With the rapid growth of internet use and the increasing dominance of online selling, efficient enforcement of intellectual property rights has become more cumbersome for brand owners. Any infringer equipped with the right technology can easily sell counterfeit goods on e-commerce platforms, and they can often evade responsibility by merely reposting listings or switching vendor names whenever they are challenged.
In this environment, brand owners have found that it is rarely enough to simply request the takedown of infringing pages. Instead, tackling online infringement effectively and stopping the spread of counterfeit products means uncovering the true source, arresting the infringer, and seizing the goods to prevent them from being relisted entirely.
When the Japanese multinational electronics maker Panasonic discovered that fake batteries were being sold in Thailand through e-commerce websites, their first step was to send takedown requests to the platforms hosting the offending pages. However, the problem remained, with several of the counterfeit retailers shifting their advertising of counterfeit Panasonic goods to other posts.

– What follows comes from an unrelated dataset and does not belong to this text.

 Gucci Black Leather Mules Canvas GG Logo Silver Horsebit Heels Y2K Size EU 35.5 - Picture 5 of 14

Tilleke & Gibbins thus helped Panasonic attack the problem at its root by seeking to uncover the true identity of the online sellers. We confirmed that the same infringing sellers were continuing to post counterfeit Panasonic items for sale, and during a preliminary investigation, we discovered that five online sellers even shared the same shipping address.
Unsurprisingly, the address was a fake as well—our investigation team found that the given location had nothing to do with the Panasonic counterfeiting operation, and further investigation was required before the team found the hidden location of the real warehouse.

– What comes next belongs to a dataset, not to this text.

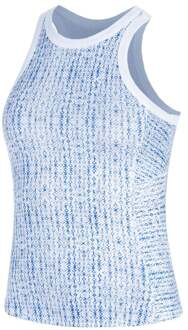 Boho Tile Rib Tanktop Dames-Blauw,Veelkleurig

We then shared the results of our investigation with the Economic Crime Suppression Division (ECD) of the Royal Thai Police to alert them to the true identity and address of the online infringer, and coordinated with them to conduct a successful raid action on May 18, 2021. The police seized and inspected 82,464 counterfeit Panasonic items and arrested the actual infringer, a Chinese national who confessed that he had brought over counterfeit Panasonic batteries from Shenzhen, China, to sell and distribute via online channels. He was then charged with possession of goods under a counterfeit trademark registered in Thailand, which is punishable by up to four years’ imprisonment, financial penalties of up to THB 400,000, or both. Based on the value of the goods seized in the raid, the damages amounted to more than THB 2.7 million (USD 86,800)—one of the largest seizures of Panasonic-branded counterfeit goods in the whole Asia-Pacific region.
IP Enforcement in the Digital Age
As this case shows, effective enforcement of intellectual property rights in the digital age requires a sterner course of action by brand owners. While takedown requests are a useful initial tool that can sometimes succeed, more and more trademark owners are finding that takedown requests on their own are insufficient for tackling online infringement, as many infringers respond by simply moving their goods to sell on different platforms. Instead, a thorough investigation that uncovers the root source of the counterfeit goods is a much more effective approach that can ultimately lead to the arrest of the infringer and prevent the sale and distribution of the infringing goods altogether.